- Sire: Northern Dancer
- Grandsire: Nearctic
- Dam: Ciboulette
- Damsire: Chop Chop
- Sex: Filly
- Foaled: 1967
- Country: Canada
- Colour: Dark Bay/Brown
- Breeder: J. Louis Lévesque
- Owner: J. Louis Lévesque
- Trainer: Yonnie Starr
- Record: 21-11-6-2
- Earnings: $238,688

Major wins
- Princess Elizabeth Stakes (1969) Natalma Stakes (1969) Manitoba Derby (1970) Alabama Stakes (1970) Benson & Hedges Invitational Handicap (1970) Quebec Derby (1970)

Awards
- TRA United States Champion 3-Year-Old Filly (1970) Canadian Horse of the Year (1970) Sovereign Award for Outstanding Broodmare (1978)

Honours
- Canadian Horse Racing Hall of Fame (1981) Fanfreluche Stakes at Woodbine Racetrack

= Fanfreluche (horse) =

Canadian-bred Thoroughbred racehorse

Fanfreluche (April 9, 1967 – July 29, 1999) was a Canadian-bred Champion Thoroughbred racehorse.

==Background==
Fanfreluche was a bay mare bred in Canada. She was named by her French-Canadian owner Jean-Louis Levesque for the title character of a popular children's television show on the French-language division of the Canadian Broadcasting Corporation.

==Racing career==
Successfully raced in Canada as a two-year-old, at age three Fanfreluche's performances in both Canada and the United States earned her the Sovereign Award for Canadian Horse of the Year. Fanfreluche was voted American Champion Three-Year-Old Filly in 1970 by the Thoroughbred Racing Association. Office Queen won the rival Daily Racing Form poll in the last year that champions were voted on separately.

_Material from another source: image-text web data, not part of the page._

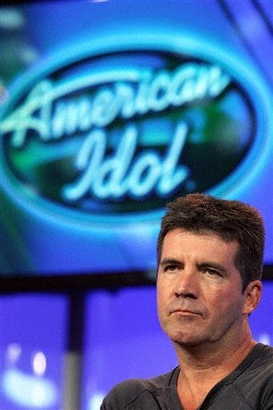 **FILE PHOTO** 'American Idol' judge Simon Cowell listens to a question during the 2007 Fox Winter Press Tour, Jan. 20, 2007, in Pasadena, Calif. (AP Photo/Rene Macura)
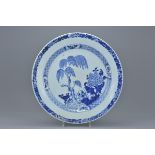 A large 18th century Chinese blue and white porcelain dish decorated with willow tree. 35cm diameter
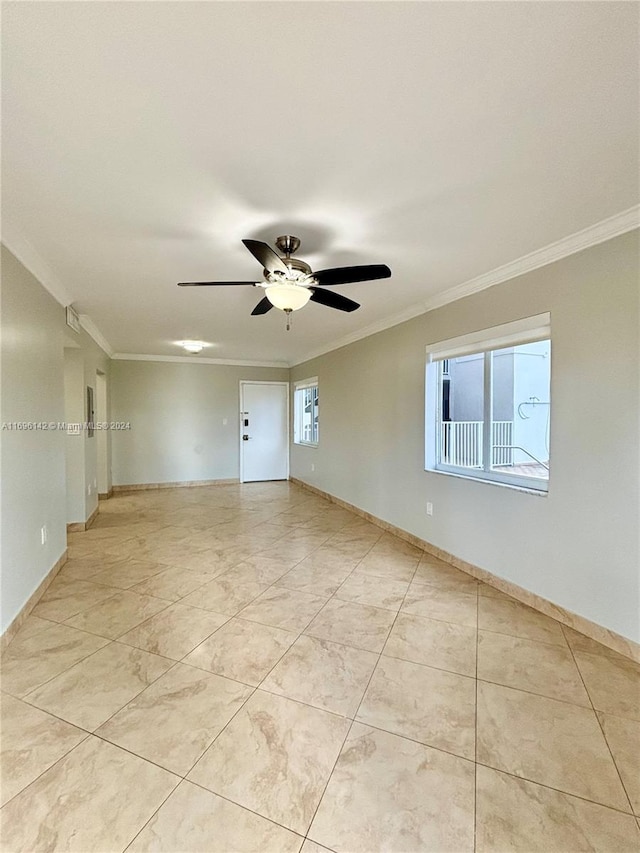 unfurnished room with ceiling fan and crown molding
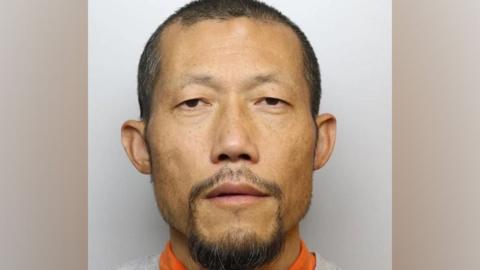 Police mugshot of Hongchi Xiao looking into the camera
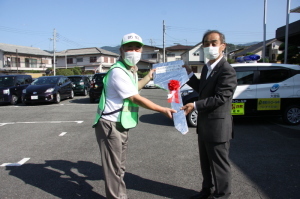 古川代表と森田町長が一緒に赤い花のリボンがついた大きなカギの模型を持っている車両引渡し式の写真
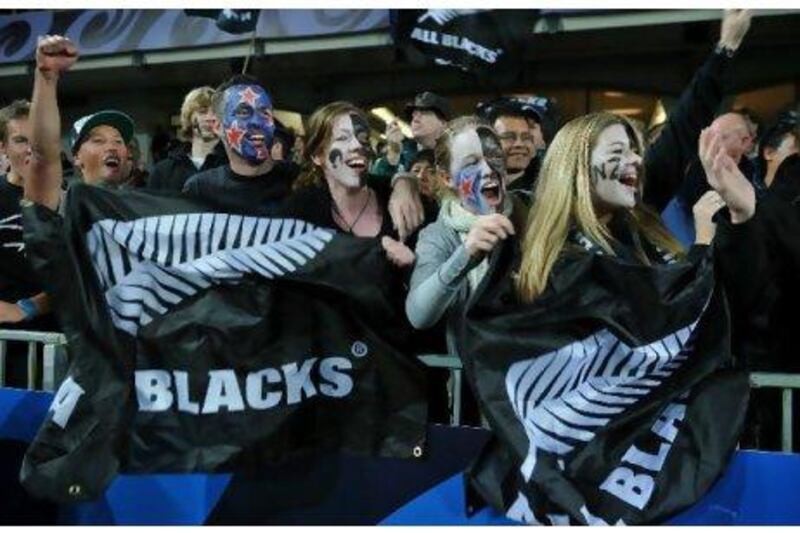 New Zealand supporters cheer their team during a Rugby World Cup match against Tonga in Auckland last month. They will be hoping for a win over Australia in the semi-final, which would take the All Blacks to within one match of winning a title that has eluded them so far.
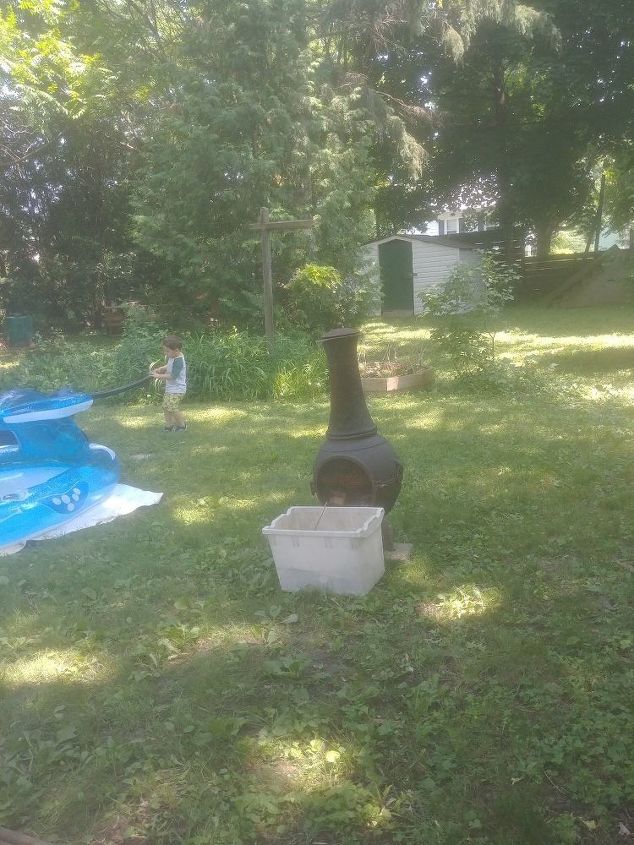 seating area around outdoor fireplace crushed gravel or pea stone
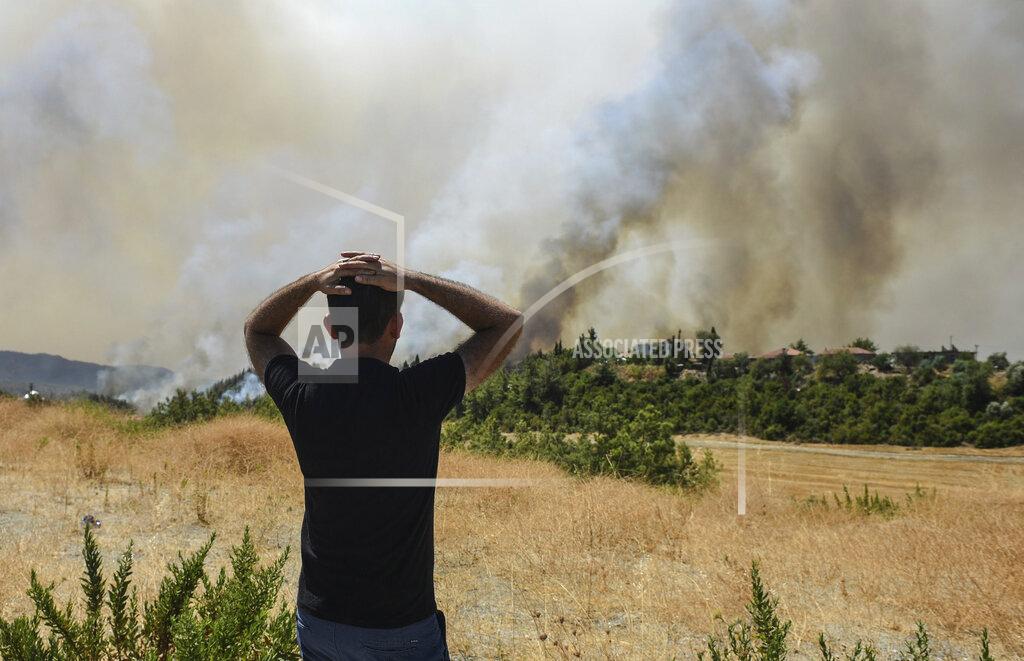 Uncredited A man watches wildfires in Kacarlar village near the Mediterranean coastal town of Manavgat, Antalya, Turkey, Saturday, July 31, 2021. The death toll from wildfires raging in Turkey's Mediterranean towns rose to six Saturday after two forest workers were killed, the country's health minister said. Fires across Turkey since Wednesday burned down forests, encroaching on villages and tourist destinations and forcing people to evacuate. (AP Photo)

In 1981 Fanfreluche was inducted into the Canadian Horse Racing Hall of Fame.

==Breeding record==
At the end of her three-year-old racing season, Fanfreluche was sold as a broodmare prospect to prominent American horseman Bertram R. Firestone for a then world-record price of $1.3 million. Bred to notable stallion Buckpasser, in 1972 she produced the two-time Canadian Horse of the Year and Hall of Fame inductee L'Enjoleur. She also produced two other champions, La Voyageuse and Medaille d'Or. She has numerous stakes-winning descendants worldwide, including Encosta de Lago and Holy Roman Emperor.

==Kidnapping==
On June 25, 1977, while in foal to Secretariat, Fanfreluche was abducted from Claiborne Farm near Paris, Kentucky. In December, five months after her disappearance, the FBI located her 158 miles south near the small town of Tompkinsville, not far from the Tennessee border. Fanfreluche was being kept by a family who said they had found her wandering along the country road. Returned safely to Claiborne Farm, in the spring of 1978 Fanfreluche gave birth to her foal, a colt given the French language name "Sain Et Sauf", which in English translates as Safe And Sound.

A few years later, on February 8, 1983, the Irish racehorse Shergar was also the victim of a kidnapping but unlike Fanfreluche, Shergar was never found.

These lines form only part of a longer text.